Just another one of the services I offer, as a Listing Agent, is quality photography at no extra charge. I am the photographer! In addition, I assist my Clients by giving them Staging information (no extra fee for that, either). I offer Credit Repair Counseling/Advice, and am trained in this, at no extra fee (for Sellers and Buyers, alike). Another added service is my Homesteading experience/Garden Consulting (licensed for that, too). So, my Clients get this at no extra fee. Since I was a Loan Officer for five years, I offer to confer with them on their Loan Package (I do not choose their Lender). If I think they are getting a bad deal, I'll tell them. My last Clients saved 1% on their Interest Rate. I'll end here, but I am not your typical Realtor and there are other good ones out there, too.

An FYI on good pictures. I have seen a Listing, done poorly, not sell for a year. Another Agent listed it, and the Listing showed good photos, was well done, and it was sold quickly. Why? If over 90% of Buyers see the properties online, they reject poor Listings over bad pics. The Listings should be priced right at the start, based on Market Valuation. There must be consideration given for price reductions, especially in a market like this one! It is unfair not to be completely honest with a Seller.

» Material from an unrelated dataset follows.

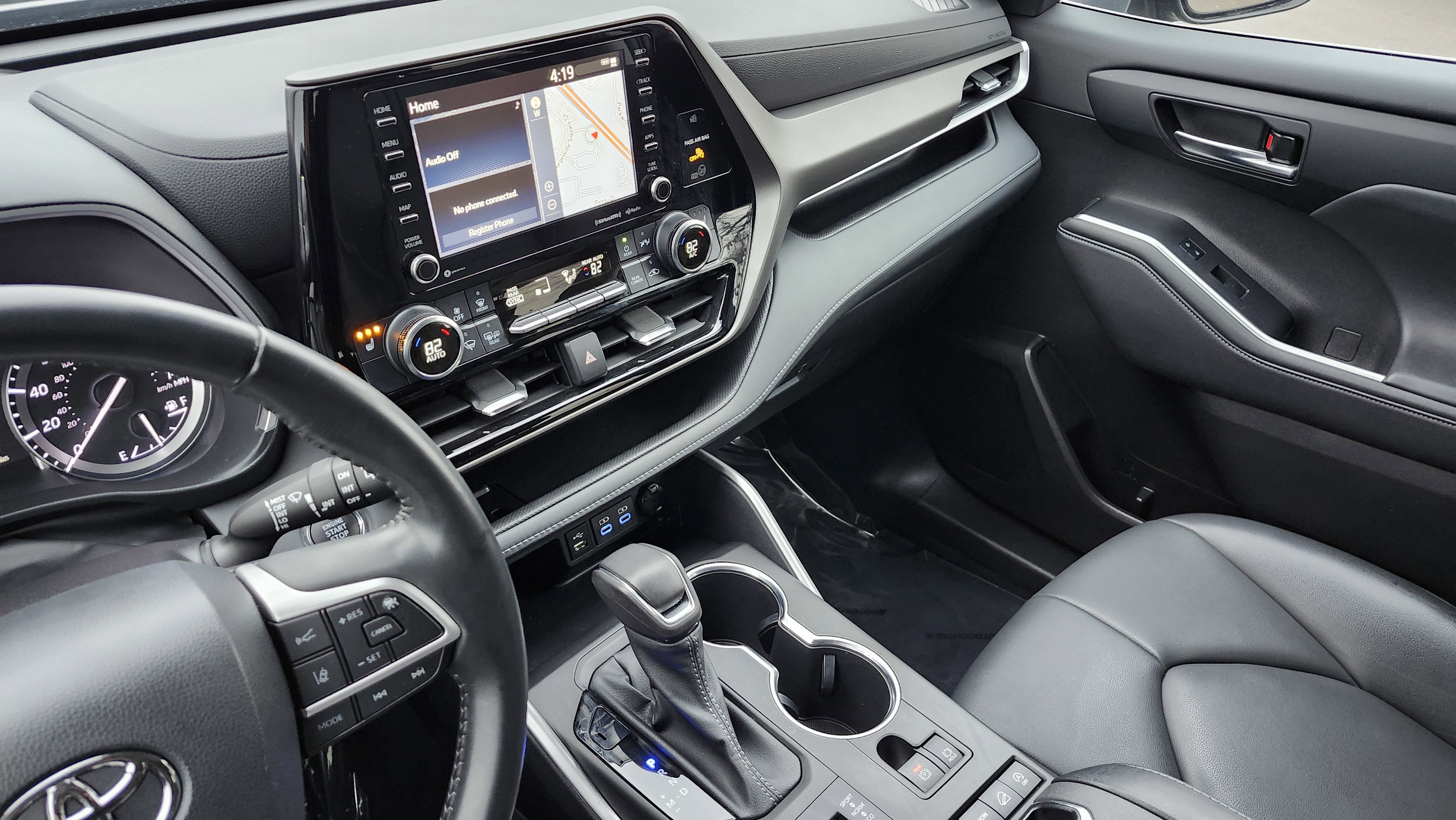 Used 2022 Toyota Highlander XLE image 34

I am always disappointed to hear of folks having bad experiences with Agents/Realtors. But then, the same goes about Attorneys, Doctors, Dentists, and the list goes on. There are good ones in every profession, just gotta find 'em!


----------



## Joshie (Dec 8, 2008)

We found an agent by calling each of the top three local agents. We used the first one who called us back. Our house was sold two weeks later. This, by the way, was after ten or so months of having it listed with a friend. You should have an idea about the top agents in your area. They usually have a team of agents working under them and they do an awful lot of advertising.


----------



## gimpyrancher (Jun 6, 2010)

I was a licensed agent 40 years ago and learned some things.

I recently bought a house in another state we decided to move to. Contacted a few realtors online. Was not interested in speaking to them. Always provided my phone number but made it clear I preferred being contacted by e-mail. If they called, they were told I wasn't interested. Most didn't even provide listings within my needs. Just sent what was in the MLS. This is a smaller city where sales are slow.

I finally found someone that took the time to ask me questions and made a little effort. We agreed on a few to go look at on a certain time and date.

We met a wonderful professional that would make a perfect neighbor. That means something to us. We bought a house on our first visit and still maintain a relationship.

If selling, I'd negotiate on the commission rate. Even with our new friend.


----------